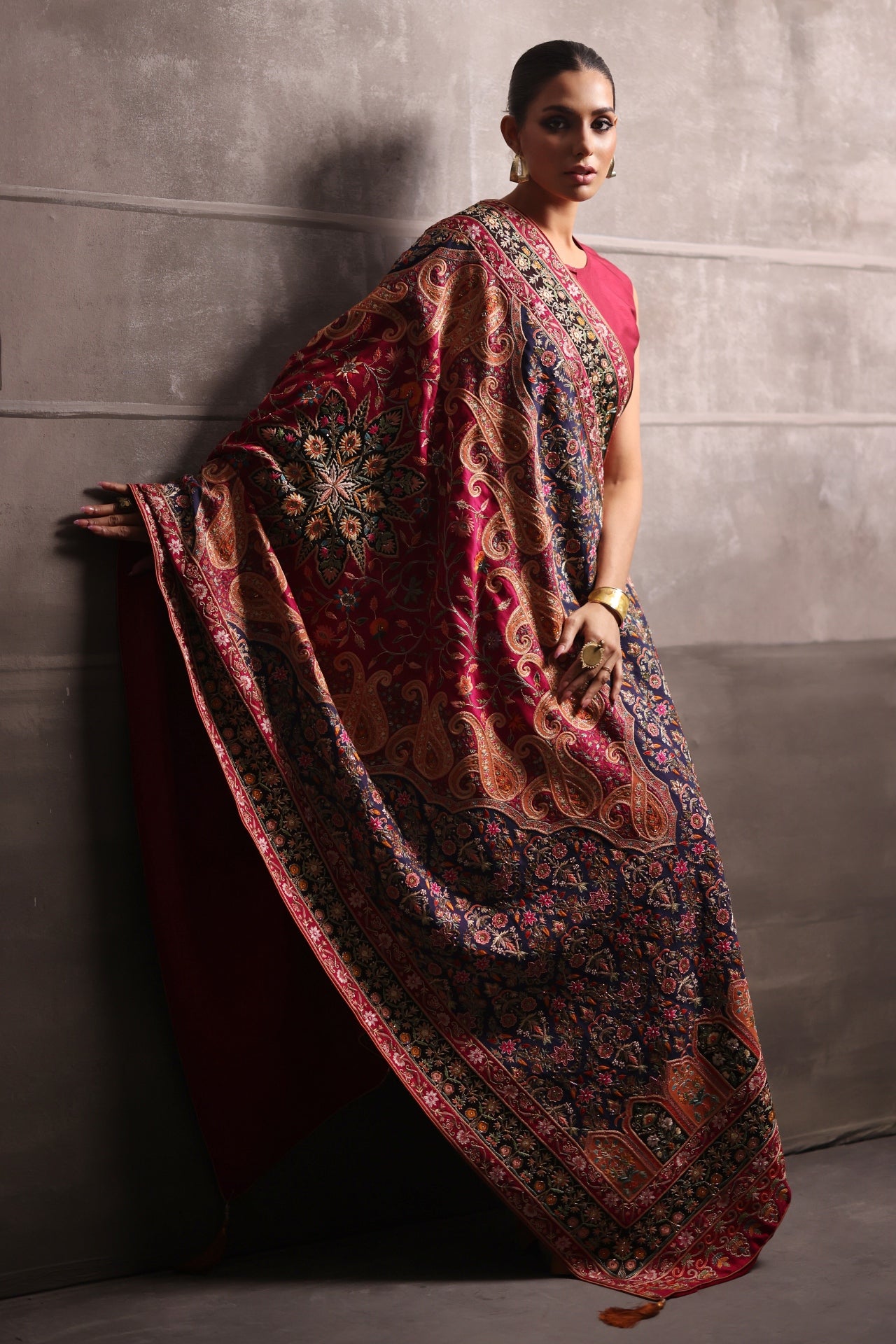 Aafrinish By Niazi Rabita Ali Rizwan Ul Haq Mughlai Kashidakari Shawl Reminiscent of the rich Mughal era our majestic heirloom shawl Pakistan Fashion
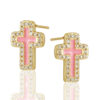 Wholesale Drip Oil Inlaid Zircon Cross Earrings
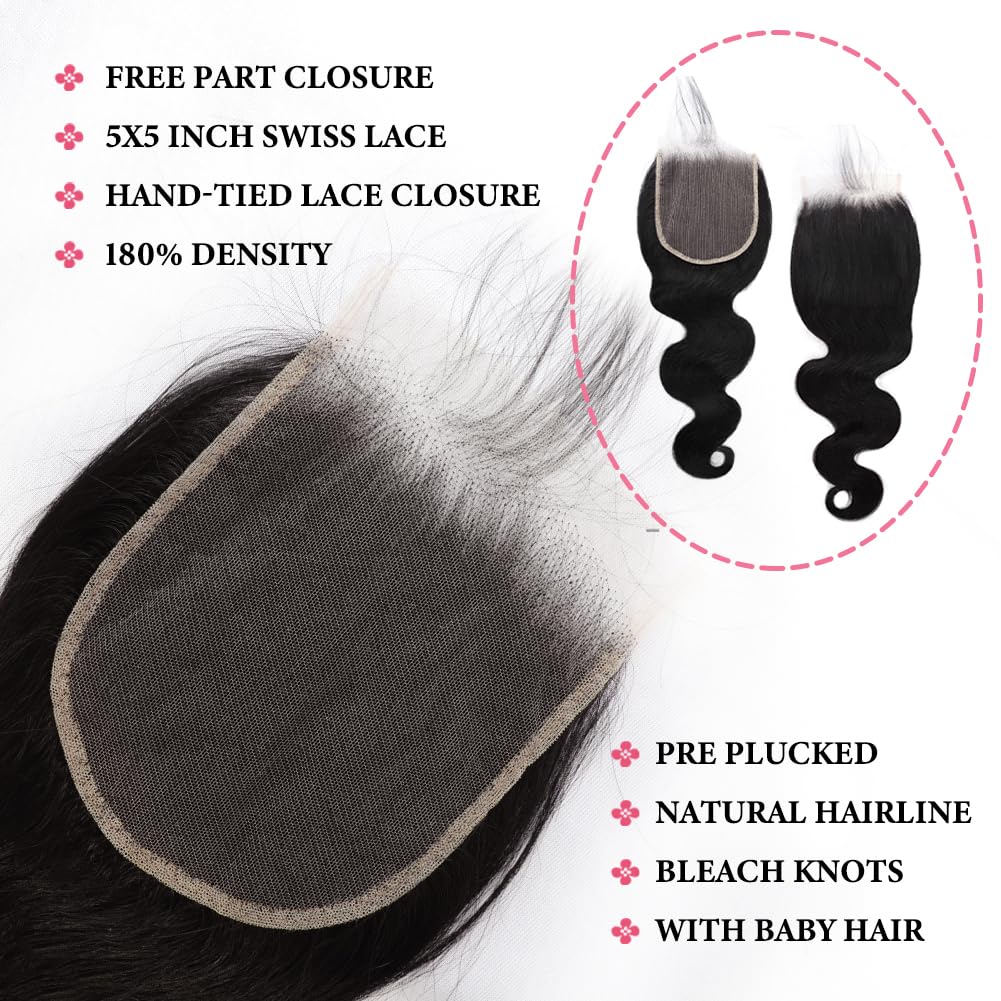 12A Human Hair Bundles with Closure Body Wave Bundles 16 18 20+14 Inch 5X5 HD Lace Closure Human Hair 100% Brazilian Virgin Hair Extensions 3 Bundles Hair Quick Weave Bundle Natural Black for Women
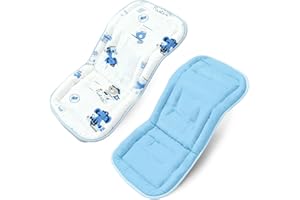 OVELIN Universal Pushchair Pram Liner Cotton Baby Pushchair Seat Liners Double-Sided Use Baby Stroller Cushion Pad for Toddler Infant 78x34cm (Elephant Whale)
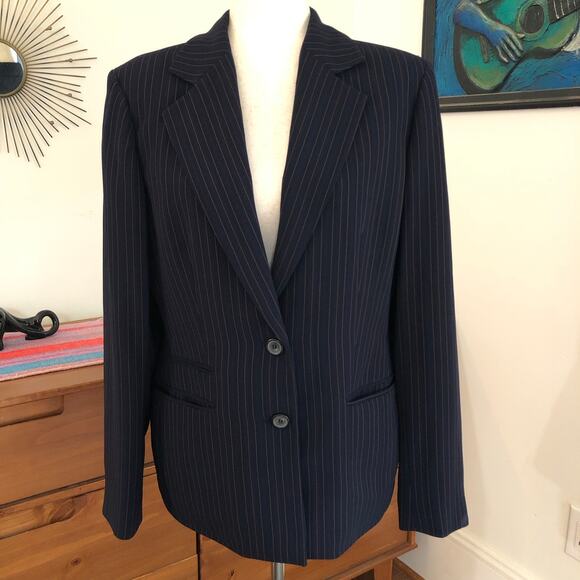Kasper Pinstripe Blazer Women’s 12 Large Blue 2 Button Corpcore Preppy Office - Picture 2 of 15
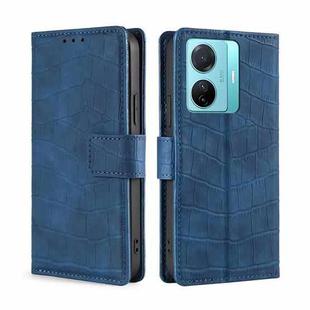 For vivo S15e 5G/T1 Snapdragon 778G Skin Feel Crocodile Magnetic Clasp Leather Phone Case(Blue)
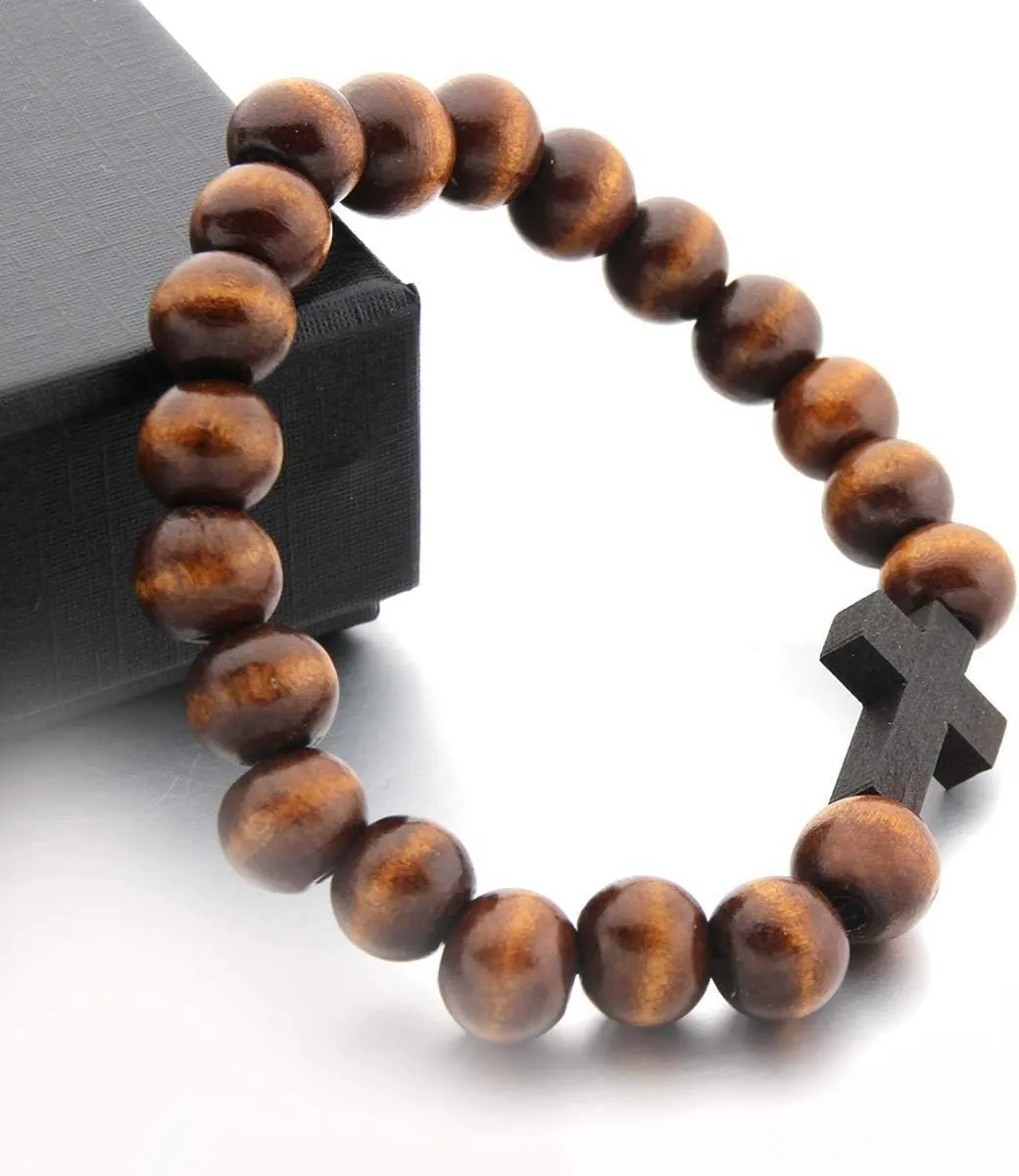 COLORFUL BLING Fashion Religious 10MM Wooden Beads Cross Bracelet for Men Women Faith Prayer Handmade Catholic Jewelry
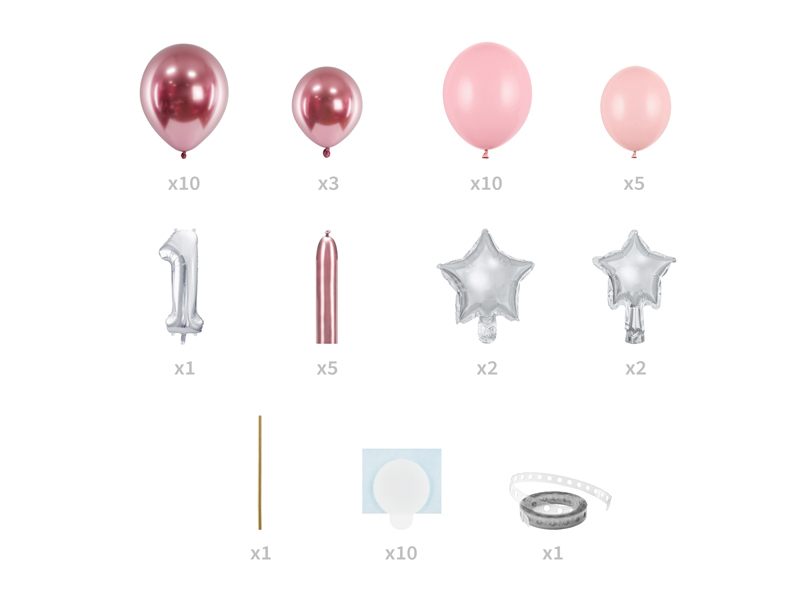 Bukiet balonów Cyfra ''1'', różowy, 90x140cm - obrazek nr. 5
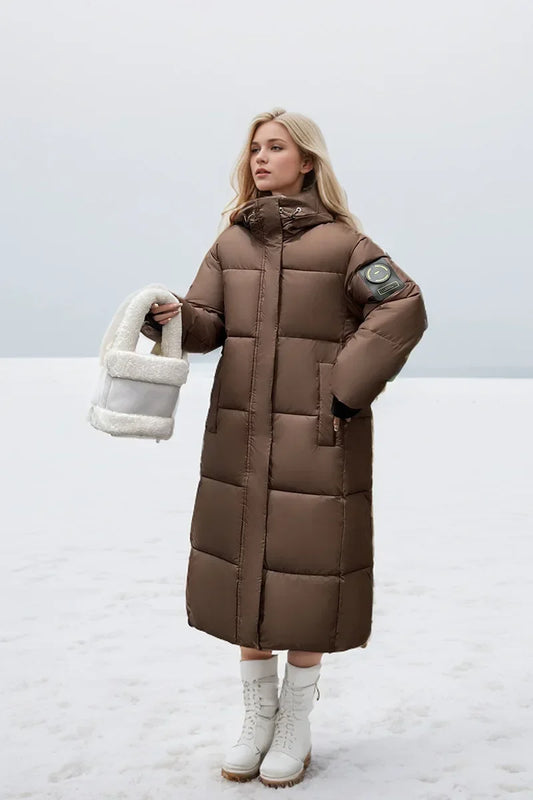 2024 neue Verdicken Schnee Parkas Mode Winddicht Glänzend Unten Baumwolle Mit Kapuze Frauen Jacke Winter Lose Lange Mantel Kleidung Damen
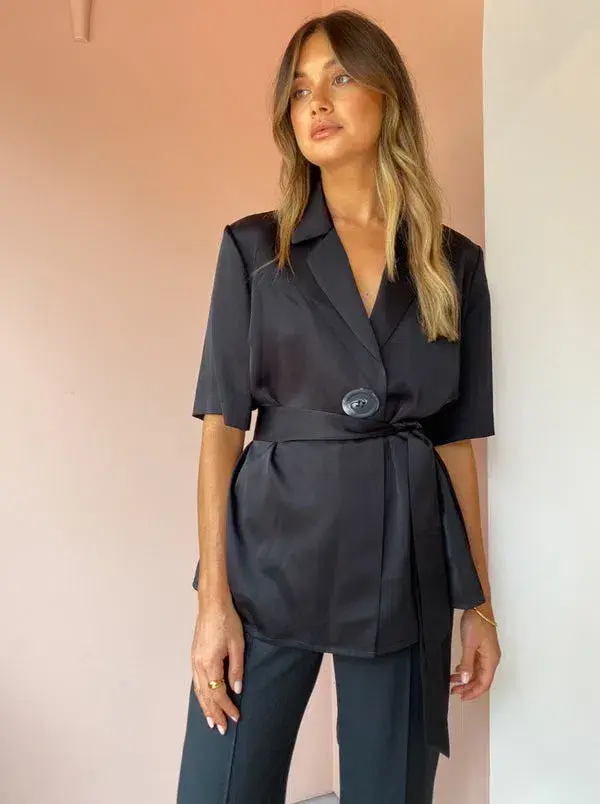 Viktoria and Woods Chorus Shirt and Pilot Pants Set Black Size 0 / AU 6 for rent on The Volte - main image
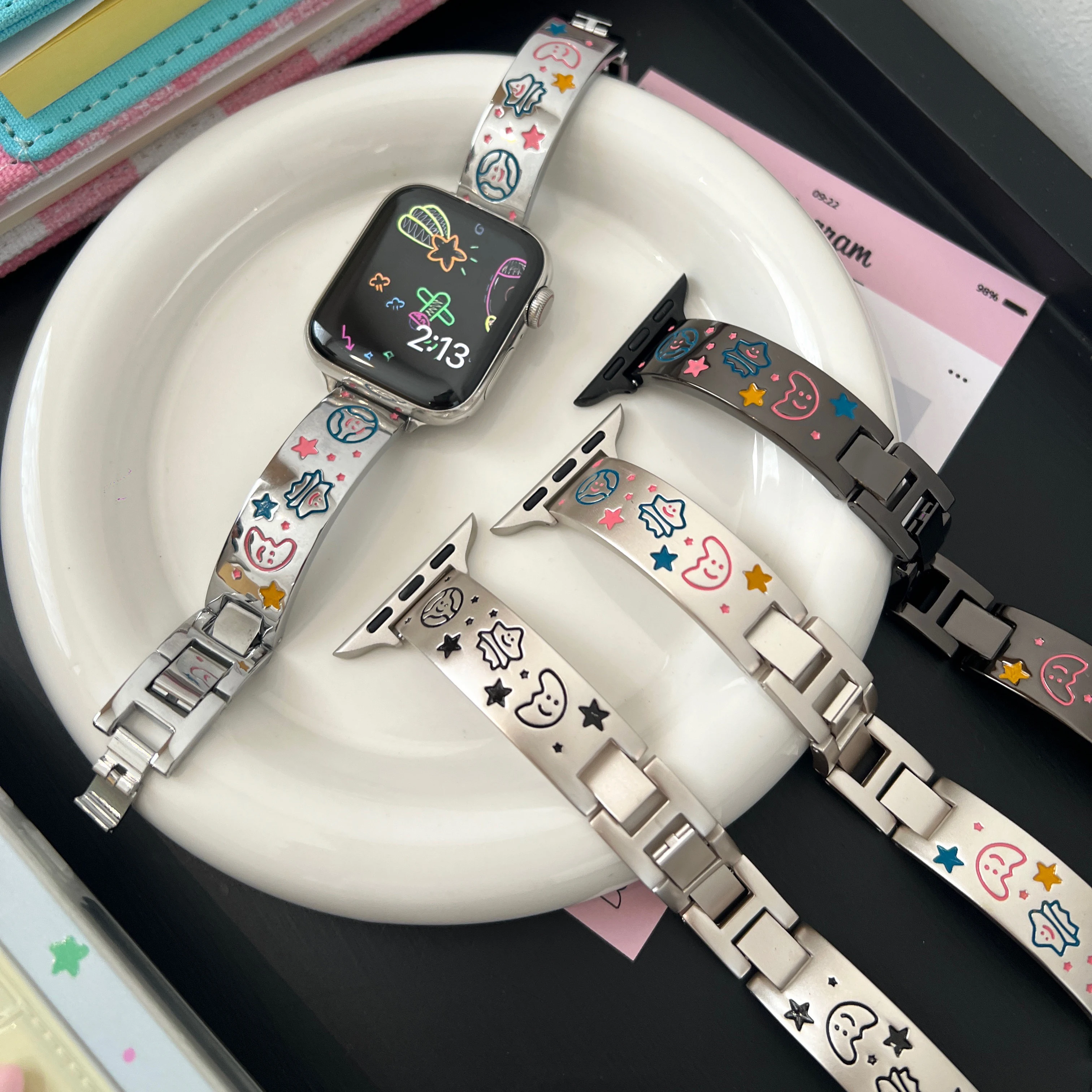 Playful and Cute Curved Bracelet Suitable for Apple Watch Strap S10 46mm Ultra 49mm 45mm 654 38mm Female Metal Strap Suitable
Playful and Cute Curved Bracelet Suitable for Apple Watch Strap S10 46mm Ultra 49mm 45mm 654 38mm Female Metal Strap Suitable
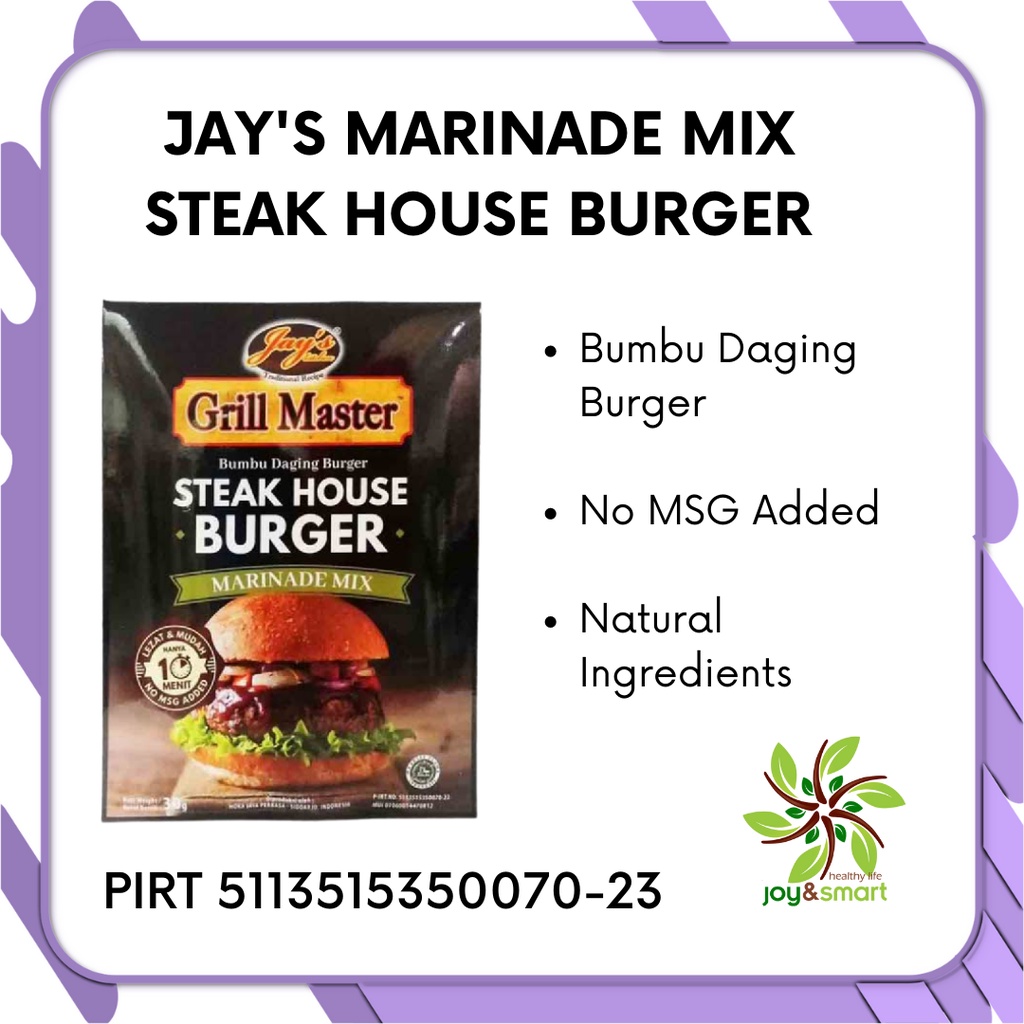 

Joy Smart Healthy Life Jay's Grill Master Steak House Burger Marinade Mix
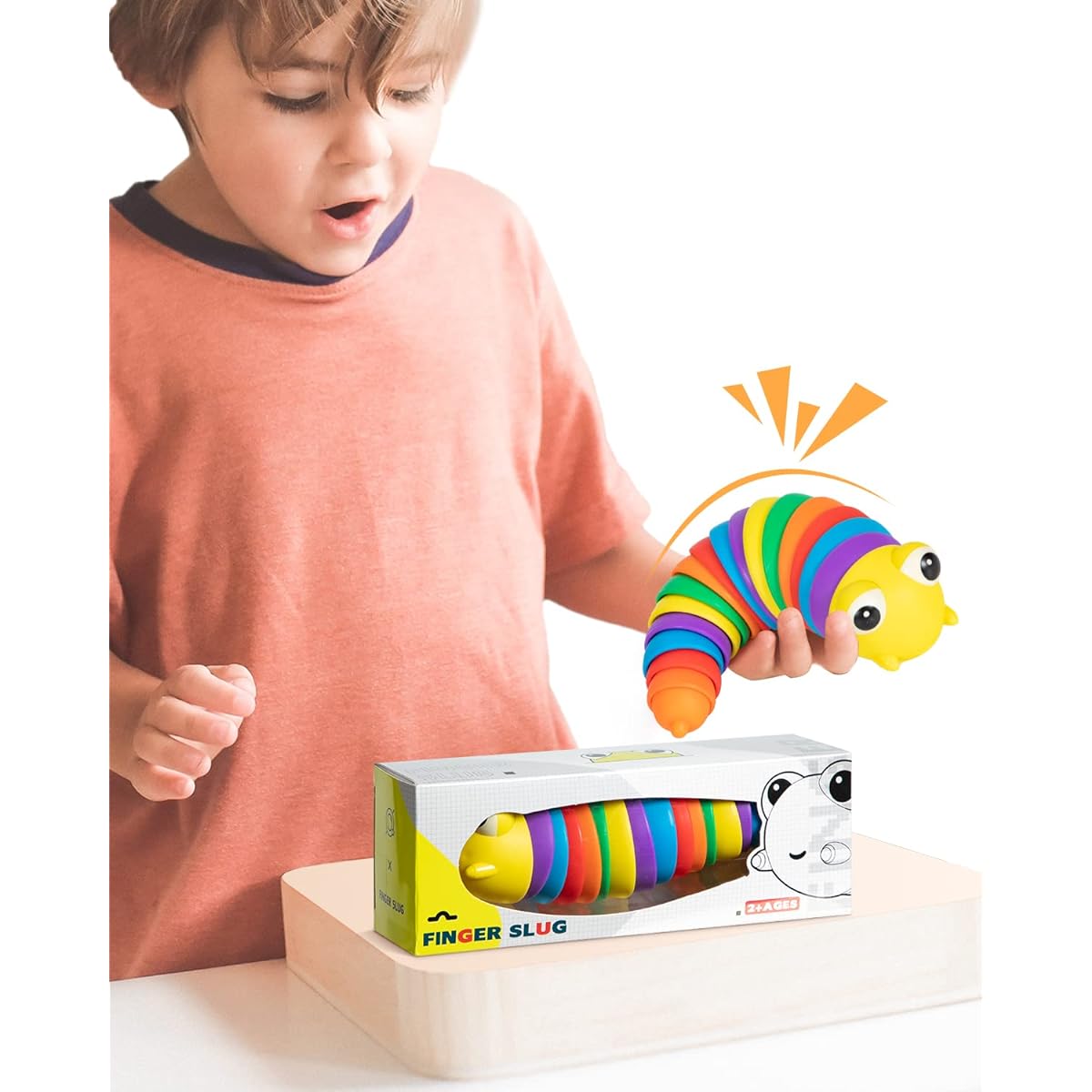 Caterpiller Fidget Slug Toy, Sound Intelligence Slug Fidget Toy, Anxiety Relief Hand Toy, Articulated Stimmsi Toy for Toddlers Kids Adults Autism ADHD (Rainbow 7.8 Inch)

+ + + + +

● **What is needed**:
Write out word for word the lines above that run from the one with "COLORFUL BLING Fashion" to the one with "Joy Smart Healthy". Include both end lines; exclude the images.

● **Response below**:
 COLORFUL BLING Fashion Religious 10MM Wooden Beads Cross Bracelet for Men Women Faith Prayer Handmade Catholic Jewelry
 Bukiet balonów Cyfra ''1'', różowy, 90x140cm - obrazek nr. 5
 2024 neue Verdicken Schnee Parkas Mode Winddicht Glänzend Unten Baumwolle Mit Kapuze Frauen Jacke Winter Lose Lange Mantel Kleidung Damen
 Viktoria and Woods Chorus Shirt and Pilot Pants Set Black Size 0 / AU 6 for rent on The Volte - main image
 Playful and Cute Curved Bracelet Suitable for Apple Watch Strap S10 46mm Ultra 49mm 45mm 654 38mm Female Metal Strap Suitable
Playful and Cute Curved Bracelet Suitable for Apple Watch Strap S10 46mm Ultra 49mm 45mm 654 38mm Female Metal Strap Suitable

Joy Smart Healthy Life Jay's Grill Master Steak House Burger Marinade Mix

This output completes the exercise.